Adria: Facilita muito a vida do consumidor, que quer mais agilidade, qualidade, resolutividade durante o seu atendimento, e de quem está do outro lado da linha, que, no caso, é o operador, o atendente de call center, porque ele tem uma série de informações para proporcionar a melhor experiência para o cliente e concluir o atendimento de forma efectiva.

COLLAB: Gostava que falasse do mercado brasileiro e da sua visão para este mercado. Qual é o espaço de crescimento aqui?

Adria: O mercado brasileiro vem passando por um processo de mudança importante, porque alguns dos grandes players vêm fazendo aquisições importantes nos últimos dois anos, na linha de trazer mais background de tecnologia e de soluções.
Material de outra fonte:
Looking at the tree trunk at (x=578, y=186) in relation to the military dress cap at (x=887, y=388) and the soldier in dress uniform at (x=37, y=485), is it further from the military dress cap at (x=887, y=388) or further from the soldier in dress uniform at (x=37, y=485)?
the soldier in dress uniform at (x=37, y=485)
Então, os maiores players de call centers se atentaram de que é importante estabelecer um ecossistema de tecnologia relevante, seja ele com soluções in-house, ou mesmo com parcerias com alguns fabricantes de tecnologia, e até mesmo a questão dos start-ups. Todas as empresas estão preocupadas com esse processo de transição.

É preciso ter uma habilidade maior para promover esse hibridismo, esse ‘omni-experience’ entre canal tradicional e canal digital, precisa de haver bastante investimento em tecnologia neste momento – ter um portfólio mais robusto de produtos e serviços e solições customizadas alinhadas com o core business do seu cliente contratante – e, ao mesmo tempo, investir fortemente em seus colaboradores. As empresas precisam se voltar cada vez mais para o employee experience, porque colaboradores felizes, engajados, vão representar muito mais a sua empresa, e vão estar muito mais alinhados com desafios. Então, se você tem colaboradores felizes, eles vão também prover um atendimento diferenciado e positivo para o consumidor final.

COLLAB: Na CSU, que tipo de desafios tem superado nesta liderança?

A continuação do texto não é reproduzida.